■ **Directions for this task**
Transcribe word for word the lines below from the line with "Vehicle Image 27" through the line with "Leather suede doll", ends included.

*** Given data ***

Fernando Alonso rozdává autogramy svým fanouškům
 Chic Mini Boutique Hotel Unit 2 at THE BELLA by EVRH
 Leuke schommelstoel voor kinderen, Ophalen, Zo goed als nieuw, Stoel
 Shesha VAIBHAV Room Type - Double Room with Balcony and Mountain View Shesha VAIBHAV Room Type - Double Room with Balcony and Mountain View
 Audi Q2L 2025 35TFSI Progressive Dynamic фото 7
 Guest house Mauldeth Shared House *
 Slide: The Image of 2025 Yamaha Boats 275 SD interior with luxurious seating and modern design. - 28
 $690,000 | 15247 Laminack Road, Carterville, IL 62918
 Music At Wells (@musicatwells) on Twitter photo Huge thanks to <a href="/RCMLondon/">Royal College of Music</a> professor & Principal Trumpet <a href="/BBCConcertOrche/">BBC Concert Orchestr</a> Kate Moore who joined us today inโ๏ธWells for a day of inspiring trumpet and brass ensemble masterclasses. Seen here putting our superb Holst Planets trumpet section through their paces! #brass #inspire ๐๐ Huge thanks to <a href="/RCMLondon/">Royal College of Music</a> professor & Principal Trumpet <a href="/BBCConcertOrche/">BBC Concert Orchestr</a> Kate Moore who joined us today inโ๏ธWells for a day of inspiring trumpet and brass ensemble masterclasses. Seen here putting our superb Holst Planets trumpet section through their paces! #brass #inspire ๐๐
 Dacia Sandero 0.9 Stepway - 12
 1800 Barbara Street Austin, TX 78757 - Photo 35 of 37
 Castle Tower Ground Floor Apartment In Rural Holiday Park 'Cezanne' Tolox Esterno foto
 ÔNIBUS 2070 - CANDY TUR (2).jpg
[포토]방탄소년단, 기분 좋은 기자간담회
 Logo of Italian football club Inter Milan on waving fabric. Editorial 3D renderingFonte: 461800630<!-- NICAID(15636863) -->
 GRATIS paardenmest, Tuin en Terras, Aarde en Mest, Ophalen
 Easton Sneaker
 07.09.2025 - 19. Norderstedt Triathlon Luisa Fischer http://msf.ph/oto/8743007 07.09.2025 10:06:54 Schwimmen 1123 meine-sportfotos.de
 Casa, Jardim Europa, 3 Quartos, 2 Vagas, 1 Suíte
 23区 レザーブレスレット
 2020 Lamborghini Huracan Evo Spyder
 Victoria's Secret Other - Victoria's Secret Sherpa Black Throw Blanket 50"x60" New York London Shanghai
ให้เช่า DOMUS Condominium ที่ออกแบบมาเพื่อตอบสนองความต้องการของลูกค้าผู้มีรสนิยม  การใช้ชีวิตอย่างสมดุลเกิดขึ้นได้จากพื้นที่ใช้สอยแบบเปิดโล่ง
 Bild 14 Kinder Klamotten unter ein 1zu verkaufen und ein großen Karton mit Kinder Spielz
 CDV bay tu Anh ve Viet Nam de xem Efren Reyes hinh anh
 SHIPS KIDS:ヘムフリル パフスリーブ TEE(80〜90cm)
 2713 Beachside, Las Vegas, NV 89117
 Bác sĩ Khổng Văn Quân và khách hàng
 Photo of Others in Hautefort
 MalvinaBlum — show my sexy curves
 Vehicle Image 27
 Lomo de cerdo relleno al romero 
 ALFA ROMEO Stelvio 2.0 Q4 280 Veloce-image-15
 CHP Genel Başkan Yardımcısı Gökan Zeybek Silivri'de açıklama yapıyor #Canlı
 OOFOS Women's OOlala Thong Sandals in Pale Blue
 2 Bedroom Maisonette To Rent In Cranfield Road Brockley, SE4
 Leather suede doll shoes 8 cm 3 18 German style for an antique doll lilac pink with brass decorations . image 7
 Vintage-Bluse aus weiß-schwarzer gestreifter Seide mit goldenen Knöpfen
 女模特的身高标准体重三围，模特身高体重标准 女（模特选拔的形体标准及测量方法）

*** End of Given data ***

■ **Result**
 Vehicle Image 27
 Lomo de cerdo relleno al romero 
 ALFA ROMEO Stelvio 2.0 Q4 280 Veloce-image-15
 CHP Genel Başkan Yardımcısı Gökan Zeybek Silivri'de açıklama yapıyor #Canlı
 OOFOS Women's OOlala Thong Sandals in Pale Blue
 2 Bedroom Maisonette To Rent In Cranfield Road Brockley, SE4
 Leather suede doll shoes 8 cm 3 18 German style for an antique doll lilac pink with brass decorations . image 7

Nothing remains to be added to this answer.